Comparing and evaluating ChatGPT’s performance giving financial advice with Reddit questions and answers

Sathvik Samant (1), Aditya Dhar (2), Shreya Kochar (3), Aneesha Sreerama (4), Andrew Wang (5), Anirudh Sreerama (6)

(1) The Lawrenceville School, (2) Fairview High School, (3) Columbia University, (4) Northeastern University, (5) Stony Brook University, (6) University of California Berkely

Aug 13, 2024

https://doi.org/10.59720/23-296

As artificial intelligence (AI) and particularly Large Language Models (LLMs) rapidly advance, there is a growing interest in AI in the financial industry while understanding its impact on the future of financial advising.
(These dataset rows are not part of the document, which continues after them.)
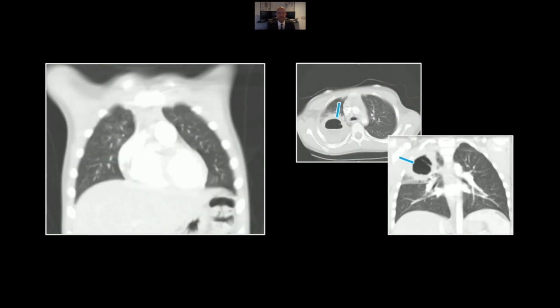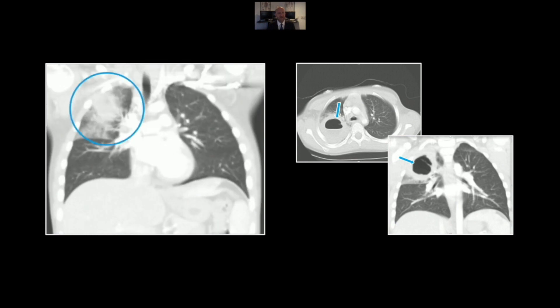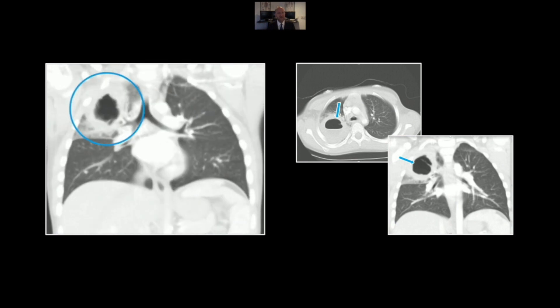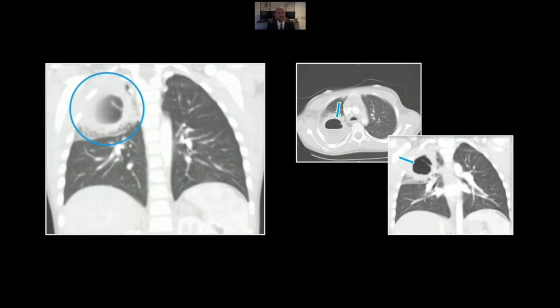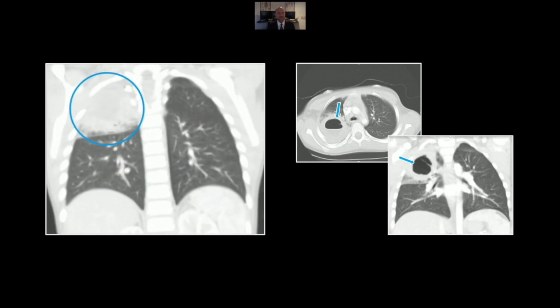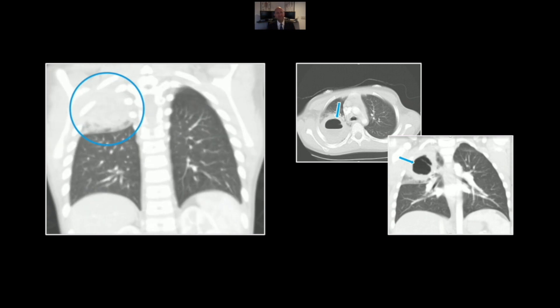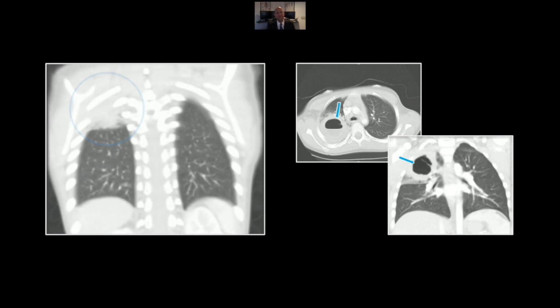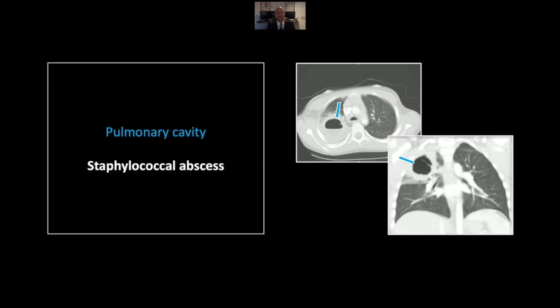Here it is on the coronal as well — you can see the layering fluid very nicely there. That is a case of a staphylococcal abscess.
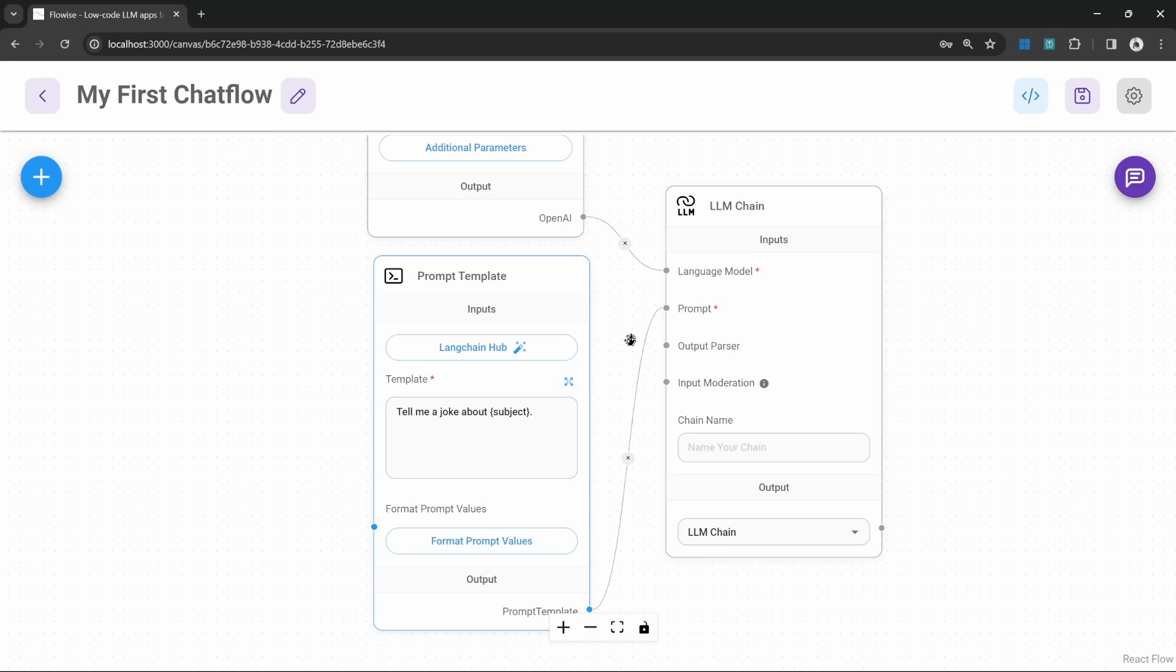We can also link multiple chains together. In other words, we can take the output from one chain and pass it in as the input for the next chain.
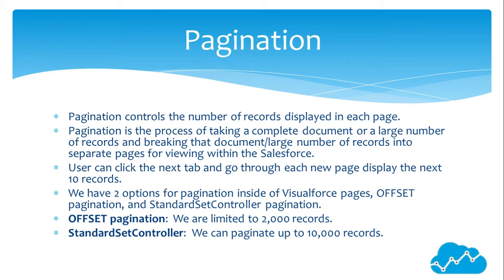We have two options for pagination inside of Visualforce pages: Offset Pagination and StandardSetController Pagination. Offset Pagination is limited to 2,000 records. StandardSetController allows pagination up to 10,000 records.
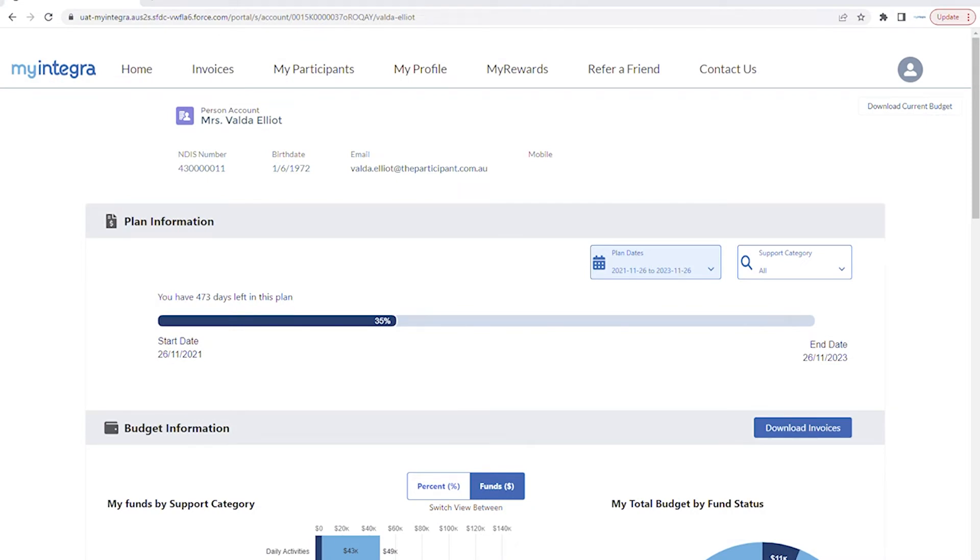How to view and understand your participant's budget dashboard. Welcome to your My Integra portal.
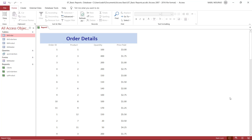In this tutorial, we explored reports and learned different methods for creating them: using the Report tool, using the Report Wizard, or creating the report in design view — where we have many more options to control the appearance of our report.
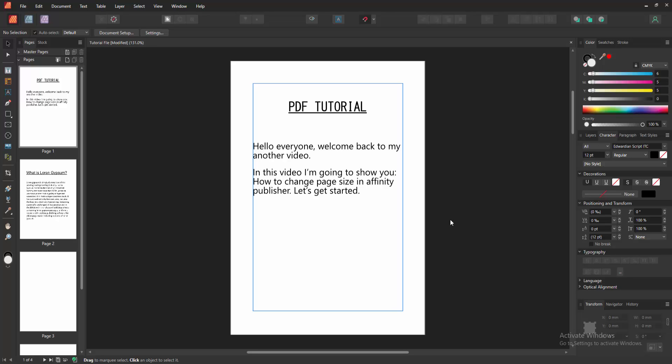In this video, I am going to show you how to change page size in Affinity Publisher. Let's get started.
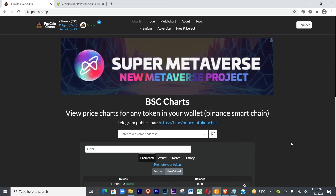Today we're going to be looking at how to swap using PoolCoin with MetaMask. A lot of people are finding it difficult to do this, but we're going to break it down in a way that you'll be able to understand how it's done today.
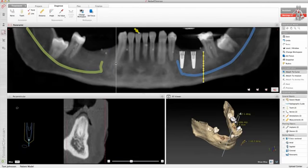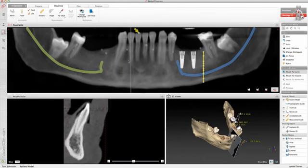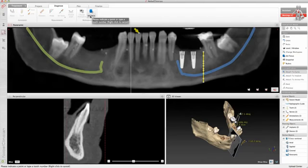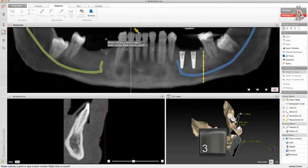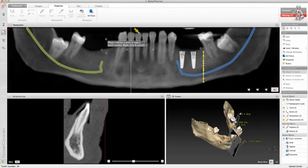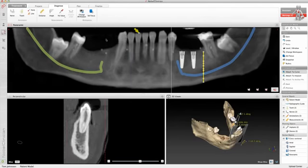You can also use the set focus action to position the cross-sectional reslice immediately at a certain tooth number position. To do so, press the icon, enter the tooth number on your keyboard, and press the Enter key. The reslice will jump to a position in the neighborhood of this tooth number position.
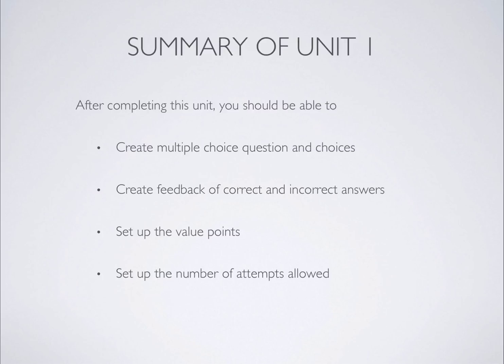After completing Unit 1, you should be able to create multiple-choice questions and choices, create feedback of correct and incorrect answers, set up the value points and the number of attempts allowed in Lectora. Now, you can move on to Unit 2 to learn more about creating questions in Lectora.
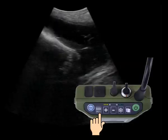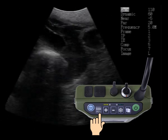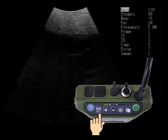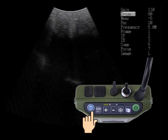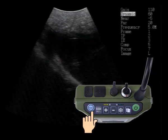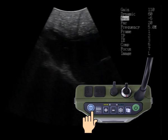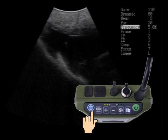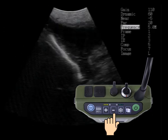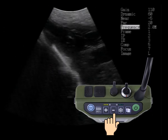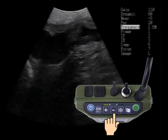Our image here is a bit too dark. We press the menu button, then we press the exam button and scroll down to frequency. We're going to press the minus button until we change the frequency to 2.5 megahertz.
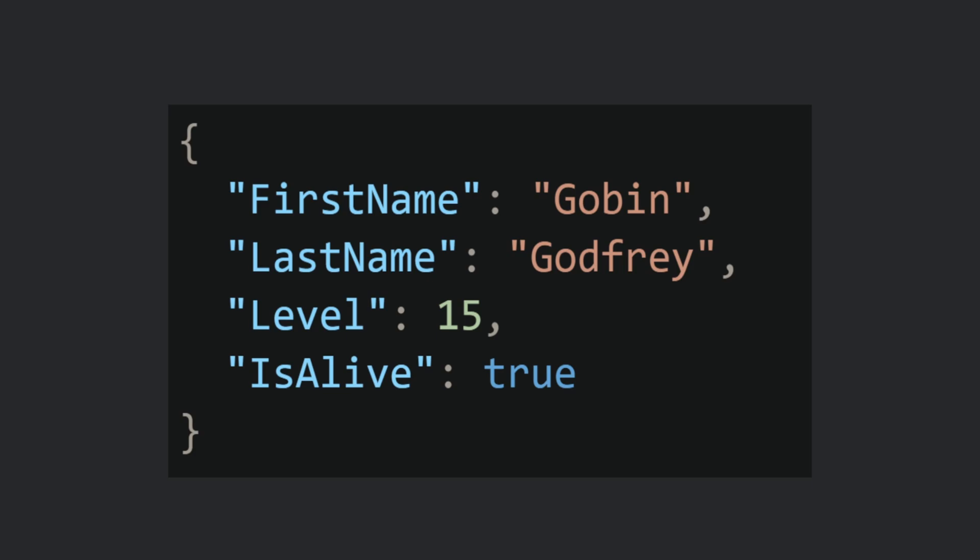JSON stands for JavaScript Object Notation and it's a data format that is easy for humans to read and write to. A JSON object starts and ends with curly braces and inside it contains key-value pairs where the keys are strings and the values can be strings, numbers, booleans, arrays, or even other JSON objects.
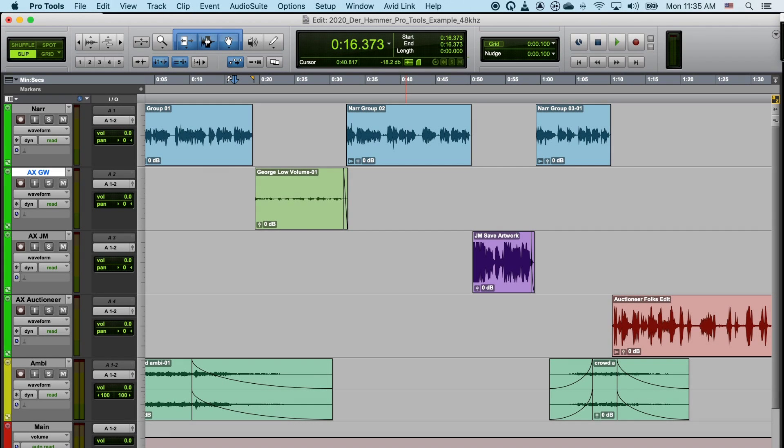At its most basic, there are three different places you can change the volume of audio in Pro Tools.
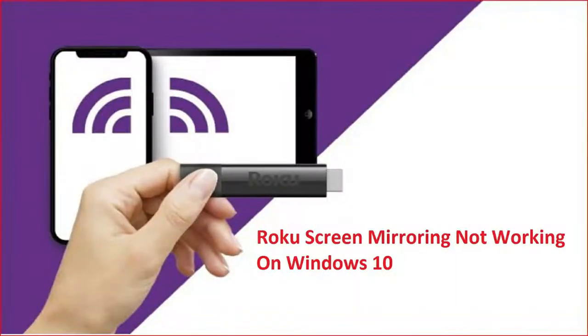Is Roku mirroring not working on Windows 10 for you? If yes, then watch this video till the end because I'm going to give you the best fixes.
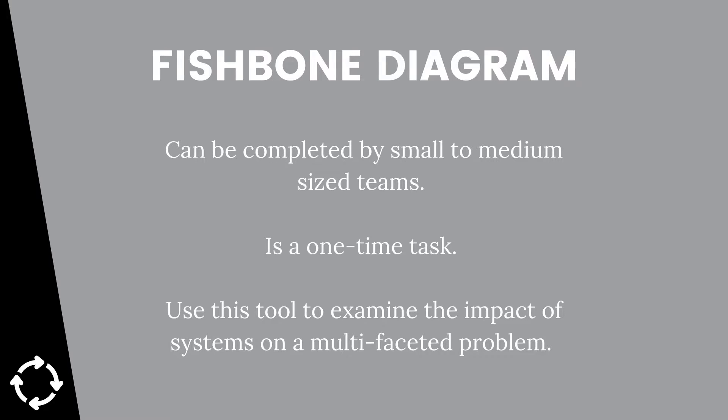The Fishbone Diagram works best when it's completed by small to medium-sized teams. Multiple voices and viewpoints are key to the successful completion of a Fishbone Diagram.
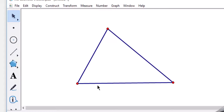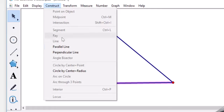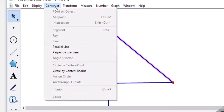To find the orthocenter, you take a side and the opposite vertex — that's the altitude — and construct a perpendicular. Similarly, deselect them, select the next side and its opposite vertex, and construct a perpendicular.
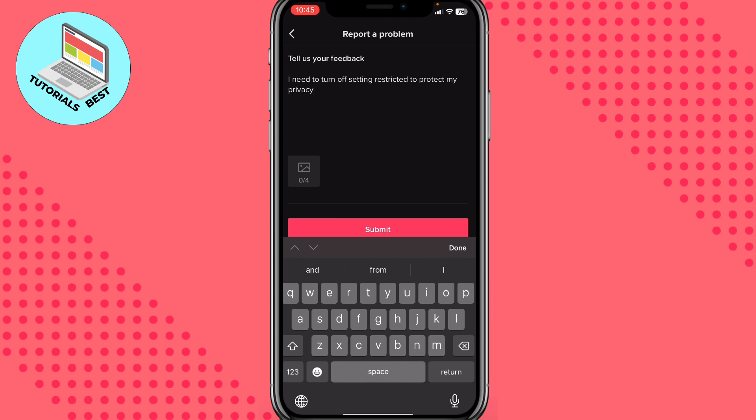In a few seconds, maybe hours, or one or two days, the TikTok support will receive our report and probably help us solve this problem. They can fix it automatically for our account, or they will send us instructions on how to fix it step by step.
To evaluate the performance of such LLMs in the role of a financial advisor, this experiment utilized financial questions asked on the Reddit forum “r/Financial Planning”. We hypothesized that Chat-GPT would offer commonly observed, yet concise feedback related to typical financial behaviors rather than delivering personalized financial advice. We compared the GPT-4 outputs to actual Reddit comments, assessing the model’s response content, length, and advice. By evaluating the model’s advisory competency, this study explored the role of AI in financial forums, its ethical consequences, and potential threat to employment and existing systems. We found that while AI can present accurate information, it failed in its delivery, clarity, and decisiveness. This study further analyzed the implications of GPT-4’s performance and its impact on future financial forum systems. More broadly, this study revealed that at its current capabilities GPT-4 does not pose a direct threat to traditional financial forums but has the potential in the future to shift financial forums and advisories to more AI-based systems.